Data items
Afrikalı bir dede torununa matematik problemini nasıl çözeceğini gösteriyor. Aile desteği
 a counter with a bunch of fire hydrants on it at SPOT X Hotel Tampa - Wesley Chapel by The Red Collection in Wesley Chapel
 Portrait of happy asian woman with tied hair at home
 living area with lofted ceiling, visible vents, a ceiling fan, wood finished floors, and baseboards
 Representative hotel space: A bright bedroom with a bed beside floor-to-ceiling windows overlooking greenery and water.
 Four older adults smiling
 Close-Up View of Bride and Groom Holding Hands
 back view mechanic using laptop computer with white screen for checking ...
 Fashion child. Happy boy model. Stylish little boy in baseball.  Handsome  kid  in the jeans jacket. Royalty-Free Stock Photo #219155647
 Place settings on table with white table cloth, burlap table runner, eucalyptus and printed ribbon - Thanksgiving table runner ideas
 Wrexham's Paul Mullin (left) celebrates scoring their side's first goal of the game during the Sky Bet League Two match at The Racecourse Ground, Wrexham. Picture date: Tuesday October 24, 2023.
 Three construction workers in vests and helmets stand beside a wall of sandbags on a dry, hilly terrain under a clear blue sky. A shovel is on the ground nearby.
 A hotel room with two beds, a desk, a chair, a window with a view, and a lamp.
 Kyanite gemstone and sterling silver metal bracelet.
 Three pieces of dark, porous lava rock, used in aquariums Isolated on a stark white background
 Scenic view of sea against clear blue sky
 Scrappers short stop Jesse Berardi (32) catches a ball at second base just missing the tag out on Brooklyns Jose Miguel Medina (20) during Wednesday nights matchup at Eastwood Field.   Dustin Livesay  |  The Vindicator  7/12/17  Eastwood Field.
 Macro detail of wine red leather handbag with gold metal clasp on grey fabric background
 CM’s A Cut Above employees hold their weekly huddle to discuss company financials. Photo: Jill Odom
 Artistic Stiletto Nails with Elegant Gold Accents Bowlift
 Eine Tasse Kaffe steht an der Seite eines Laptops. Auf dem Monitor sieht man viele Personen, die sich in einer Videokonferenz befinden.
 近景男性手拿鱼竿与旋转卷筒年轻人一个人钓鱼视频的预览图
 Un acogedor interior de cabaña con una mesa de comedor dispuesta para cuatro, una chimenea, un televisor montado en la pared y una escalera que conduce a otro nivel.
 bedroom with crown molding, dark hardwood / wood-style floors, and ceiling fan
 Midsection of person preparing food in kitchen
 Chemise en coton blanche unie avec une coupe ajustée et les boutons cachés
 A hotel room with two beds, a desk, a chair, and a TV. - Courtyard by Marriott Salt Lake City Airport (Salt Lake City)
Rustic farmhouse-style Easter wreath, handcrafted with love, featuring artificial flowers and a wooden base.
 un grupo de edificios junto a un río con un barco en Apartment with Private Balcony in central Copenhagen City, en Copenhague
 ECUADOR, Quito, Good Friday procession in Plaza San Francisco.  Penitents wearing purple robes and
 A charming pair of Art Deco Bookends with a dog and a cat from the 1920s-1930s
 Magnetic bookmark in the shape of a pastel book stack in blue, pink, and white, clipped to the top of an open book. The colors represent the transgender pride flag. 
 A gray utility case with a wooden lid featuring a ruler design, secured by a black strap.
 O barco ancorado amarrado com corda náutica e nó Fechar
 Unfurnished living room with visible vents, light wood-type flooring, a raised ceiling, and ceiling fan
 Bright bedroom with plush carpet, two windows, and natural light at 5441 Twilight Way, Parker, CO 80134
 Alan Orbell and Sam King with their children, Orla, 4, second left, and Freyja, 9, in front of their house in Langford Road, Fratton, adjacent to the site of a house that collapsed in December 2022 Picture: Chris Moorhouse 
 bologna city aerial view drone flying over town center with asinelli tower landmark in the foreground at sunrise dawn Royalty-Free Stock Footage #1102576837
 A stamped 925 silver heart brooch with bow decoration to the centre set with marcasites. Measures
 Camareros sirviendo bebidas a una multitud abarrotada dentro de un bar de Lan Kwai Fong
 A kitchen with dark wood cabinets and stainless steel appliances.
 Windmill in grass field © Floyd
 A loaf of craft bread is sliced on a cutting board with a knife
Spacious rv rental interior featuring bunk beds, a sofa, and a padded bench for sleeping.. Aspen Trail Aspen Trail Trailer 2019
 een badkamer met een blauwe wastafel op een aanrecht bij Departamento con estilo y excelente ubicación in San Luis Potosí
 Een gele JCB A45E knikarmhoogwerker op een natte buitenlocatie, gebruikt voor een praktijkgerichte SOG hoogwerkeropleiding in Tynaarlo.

Aim of the exercise: Of all the entries above, output exactly the lines between the one holding "living area with" and the one holding "Eine Tasse Kaffe", inclusive.

Completed task:
 living area with lofted ceiling, visible vents, a ceiling fan, wood finished floors, and baseboards
 Representative hotel space: A bright bedroom with a bed beside floor-to-ceiling windows overlooking greenery and water.
 Four older adults smiling
 Close-Up View of Bride and Groom Holding Hands
 back view mechanic using laptop computer with white screen for checking ...
 Fashion child. Happy boy model. Stylish little boy in baseball.  Handsome  kid  in the jeans jacket. Royalty-Free Stock Photo #219155647
 Place settings on table with white table cloth, burlap table runner, eucalyptus and printed ribbon - Thanksgiving table runner ideas
 Wrexham's Paul Mullin (left) celebrates scoring their side's first goal of the game during the Sky Bet League Two match at The Racecourse Ground, Wrexham. Picture date: Tuesday October 24, 2023.
 Three construction workers in vests and helmets stand beside a wall of sandbags on a dry, hilly terrain under a clear blue sky. A shovel is on the ground nearby.
 A hotel room with two beds, a desk, a chair, a window with a view, and a lamp.
 Kyanite gemstone and sterling silver metal bracelet.
 Three pieces of dark, porous lava rock, used in aquariums Isolated on a stark white background
 Scenic view of sea against clear blue sky
 Scrappers short stop Jesse Berardi (32) catches a ball at second base just missing the tag out on Brooklyns Jose Miguel Medina (20) during Wednesday nights matchup at Eastwood Field.   Dustin Livesay  |  The Vindicator  7/12/17  Eastwood Field.
 Macro detail of wine red leather handbag with gold metal clasp on grey fabric background
 CM’s A Cut Above employees hold their weekly huddle to discuss company financials. Photo: Jill Odom
 Artistic Stiletto Nails with Elegant Gold Accents Bowlift
 Eine Tasse Kaffe steht an der Seite eines Laptops. Auf dem Monitor sieht man viele Personen, die sich in einer Videokonferenz befinden.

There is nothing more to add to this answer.